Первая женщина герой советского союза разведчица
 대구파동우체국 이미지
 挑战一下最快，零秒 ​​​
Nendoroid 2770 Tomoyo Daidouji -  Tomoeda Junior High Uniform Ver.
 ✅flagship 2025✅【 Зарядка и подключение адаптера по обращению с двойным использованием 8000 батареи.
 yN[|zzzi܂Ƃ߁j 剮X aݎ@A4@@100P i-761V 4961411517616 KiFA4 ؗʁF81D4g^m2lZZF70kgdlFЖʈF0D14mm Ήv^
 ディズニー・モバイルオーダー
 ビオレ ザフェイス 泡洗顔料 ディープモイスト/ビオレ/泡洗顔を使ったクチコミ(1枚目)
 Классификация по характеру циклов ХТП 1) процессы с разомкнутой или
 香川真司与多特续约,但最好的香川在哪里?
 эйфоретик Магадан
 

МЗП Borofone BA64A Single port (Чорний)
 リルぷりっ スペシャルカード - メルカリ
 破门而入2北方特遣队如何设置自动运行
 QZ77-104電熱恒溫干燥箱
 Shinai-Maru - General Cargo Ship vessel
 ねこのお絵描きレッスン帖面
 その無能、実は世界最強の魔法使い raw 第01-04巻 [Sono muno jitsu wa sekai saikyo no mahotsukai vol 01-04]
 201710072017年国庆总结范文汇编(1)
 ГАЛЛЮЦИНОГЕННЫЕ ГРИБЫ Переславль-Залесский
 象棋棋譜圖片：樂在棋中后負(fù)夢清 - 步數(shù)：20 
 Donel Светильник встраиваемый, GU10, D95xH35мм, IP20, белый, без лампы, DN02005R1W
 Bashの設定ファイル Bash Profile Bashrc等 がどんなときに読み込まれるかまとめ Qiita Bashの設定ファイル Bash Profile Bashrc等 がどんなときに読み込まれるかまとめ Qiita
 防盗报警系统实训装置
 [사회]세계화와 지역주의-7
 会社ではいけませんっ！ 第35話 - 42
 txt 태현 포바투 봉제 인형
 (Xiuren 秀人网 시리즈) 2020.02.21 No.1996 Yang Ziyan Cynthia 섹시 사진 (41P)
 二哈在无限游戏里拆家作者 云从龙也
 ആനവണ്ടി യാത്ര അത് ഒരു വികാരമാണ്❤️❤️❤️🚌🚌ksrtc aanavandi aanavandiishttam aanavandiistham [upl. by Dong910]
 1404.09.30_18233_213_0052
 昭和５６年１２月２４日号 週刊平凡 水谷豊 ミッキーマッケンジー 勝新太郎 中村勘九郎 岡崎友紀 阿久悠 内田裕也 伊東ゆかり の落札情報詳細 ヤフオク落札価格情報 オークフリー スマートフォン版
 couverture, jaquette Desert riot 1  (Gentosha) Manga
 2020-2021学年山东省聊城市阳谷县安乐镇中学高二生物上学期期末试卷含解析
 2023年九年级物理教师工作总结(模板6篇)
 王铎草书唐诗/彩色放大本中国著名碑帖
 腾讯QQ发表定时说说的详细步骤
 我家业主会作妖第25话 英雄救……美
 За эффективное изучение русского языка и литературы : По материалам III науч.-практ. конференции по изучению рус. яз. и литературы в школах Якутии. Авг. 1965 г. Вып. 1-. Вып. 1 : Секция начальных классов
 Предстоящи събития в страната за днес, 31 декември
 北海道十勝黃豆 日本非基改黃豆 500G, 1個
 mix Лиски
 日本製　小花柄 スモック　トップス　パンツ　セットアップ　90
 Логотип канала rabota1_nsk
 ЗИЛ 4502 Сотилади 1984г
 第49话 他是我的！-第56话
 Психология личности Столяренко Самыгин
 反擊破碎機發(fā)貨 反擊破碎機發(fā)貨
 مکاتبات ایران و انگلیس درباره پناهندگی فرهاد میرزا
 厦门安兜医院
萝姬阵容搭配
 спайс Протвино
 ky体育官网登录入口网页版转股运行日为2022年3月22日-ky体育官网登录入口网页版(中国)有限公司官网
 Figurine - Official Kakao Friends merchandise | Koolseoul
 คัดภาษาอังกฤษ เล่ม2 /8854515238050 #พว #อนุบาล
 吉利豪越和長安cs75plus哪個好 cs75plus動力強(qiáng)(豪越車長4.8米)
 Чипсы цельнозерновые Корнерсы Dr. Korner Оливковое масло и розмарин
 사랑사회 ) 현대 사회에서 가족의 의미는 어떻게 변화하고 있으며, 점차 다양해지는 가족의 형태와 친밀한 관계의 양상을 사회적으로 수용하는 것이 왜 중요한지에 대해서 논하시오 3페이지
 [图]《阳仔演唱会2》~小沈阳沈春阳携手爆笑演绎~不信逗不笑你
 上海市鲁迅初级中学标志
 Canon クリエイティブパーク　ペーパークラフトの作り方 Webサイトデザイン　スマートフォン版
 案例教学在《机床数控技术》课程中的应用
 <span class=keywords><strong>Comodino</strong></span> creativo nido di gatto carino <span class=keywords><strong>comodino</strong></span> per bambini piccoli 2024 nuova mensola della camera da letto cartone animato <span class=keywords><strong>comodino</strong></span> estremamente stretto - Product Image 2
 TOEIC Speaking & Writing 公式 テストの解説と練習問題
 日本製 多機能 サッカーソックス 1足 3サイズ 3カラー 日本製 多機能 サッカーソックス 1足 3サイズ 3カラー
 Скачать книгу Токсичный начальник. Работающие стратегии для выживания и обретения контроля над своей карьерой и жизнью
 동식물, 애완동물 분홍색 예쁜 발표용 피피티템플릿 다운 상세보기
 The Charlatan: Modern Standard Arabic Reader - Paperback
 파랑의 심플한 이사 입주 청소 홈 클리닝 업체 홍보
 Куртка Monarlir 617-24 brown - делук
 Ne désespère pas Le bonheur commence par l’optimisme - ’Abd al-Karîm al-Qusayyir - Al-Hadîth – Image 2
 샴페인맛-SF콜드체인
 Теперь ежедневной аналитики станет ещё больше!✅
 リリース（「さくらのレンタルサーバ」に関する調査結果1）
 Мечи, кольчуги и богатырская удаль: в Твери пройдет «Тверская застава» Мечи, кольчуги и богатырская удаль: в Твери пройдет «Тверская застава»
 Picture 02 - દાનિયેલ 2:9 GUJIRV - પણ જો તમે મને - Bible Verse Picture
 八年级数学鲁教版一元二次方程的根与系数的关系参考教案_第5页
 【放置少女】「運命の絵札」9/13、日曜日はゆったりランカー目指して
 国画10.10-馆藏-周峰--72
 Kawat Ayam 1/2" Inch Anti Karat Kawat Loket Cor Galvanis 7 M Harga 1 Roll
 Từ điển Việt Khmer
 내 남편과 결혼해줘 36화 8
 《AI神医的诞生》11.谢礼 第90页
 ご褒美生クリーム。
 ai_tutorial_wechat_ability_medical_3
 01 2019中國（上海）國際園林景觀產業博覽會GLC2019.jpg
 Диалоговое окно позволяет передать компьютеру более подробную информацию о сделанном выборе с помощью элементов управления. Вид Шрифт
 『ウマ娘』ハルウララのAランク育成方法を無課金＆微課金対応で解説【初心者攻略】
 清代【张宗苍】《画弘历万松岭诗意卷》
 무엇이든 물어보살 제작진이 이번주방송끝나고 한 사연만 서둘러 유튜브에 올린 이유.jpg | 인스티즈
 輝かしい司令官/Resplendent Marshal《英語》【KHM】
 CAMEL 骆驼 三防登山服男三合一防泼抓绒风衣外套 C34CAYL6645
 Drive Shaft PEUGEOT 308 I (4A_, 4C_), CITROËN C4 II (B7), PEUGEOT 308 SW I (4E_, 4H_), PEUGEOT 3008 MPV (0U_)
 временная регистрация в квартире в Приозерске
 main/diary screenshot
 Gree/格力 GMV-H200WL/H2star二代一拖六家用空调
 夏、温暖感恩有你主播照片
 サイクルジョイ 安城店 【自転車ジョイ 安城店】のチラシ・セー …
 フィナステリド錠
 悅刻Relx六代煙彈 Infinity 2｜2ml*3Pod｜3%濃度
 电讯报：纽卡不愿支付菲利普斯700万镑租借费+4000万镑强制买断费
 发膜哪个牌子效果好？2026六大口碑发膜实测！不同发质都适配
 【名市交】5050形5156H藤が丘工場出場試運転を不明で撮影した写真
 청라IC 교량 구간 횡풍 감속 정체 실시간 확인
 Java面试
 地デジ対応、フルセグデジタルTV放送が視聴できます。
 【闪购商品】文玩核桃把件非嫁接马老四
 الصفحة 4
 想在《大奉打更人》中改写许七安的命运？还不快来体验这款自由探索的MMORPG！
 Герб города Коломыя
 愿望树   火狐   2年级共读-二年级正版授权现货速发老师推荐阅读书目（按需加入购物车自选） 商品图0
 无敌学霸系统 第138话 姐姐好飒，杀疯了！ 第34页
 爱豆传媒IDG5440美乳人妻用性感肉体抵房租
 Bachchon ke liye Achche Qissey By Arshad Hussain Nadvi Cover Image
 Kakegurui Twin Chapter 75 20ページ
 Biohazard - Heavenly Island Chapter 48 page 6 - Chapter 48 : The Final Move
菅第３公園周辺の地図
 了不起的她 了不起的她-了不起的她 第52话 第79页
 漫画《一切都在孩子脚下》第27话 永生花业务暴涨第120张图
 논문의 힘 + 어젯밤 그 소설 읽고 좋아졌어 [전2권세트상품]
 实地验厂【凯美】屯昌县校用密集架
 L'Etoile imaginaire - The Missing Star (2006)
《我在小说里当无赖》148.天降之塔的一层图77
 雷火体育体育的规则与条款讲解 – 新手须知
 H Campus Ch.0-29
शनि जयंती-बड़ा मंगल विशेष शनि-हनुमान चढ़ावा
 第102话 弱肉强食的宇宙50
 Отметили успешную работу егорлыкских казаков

━━━━━━━━━━━━━━━━━━━━━━━━━━━━━━

Starting from the line containing "实地验厂【凯美】屯昌县校用密集架", repeat each line through the end of the entries, exactly.

▶ **SOLUTION**:
 实地验厂【凯美】屯昌县校用密集架
 L'Etoile imaginaire - The Missing Star (2006)
《我在小说里当无赖》148.天降之塔的一层图77
 雷火体育体育的规则与条款讲解 – 新手须知
 H Campus Ch.0-29
शनि जयंती-बड़ा मंगल विशेष शनि-हनुमान चढ़ावा
 第102话 弱肉强食的宇宙50
 Отметили успешную работу егорлыкских казаков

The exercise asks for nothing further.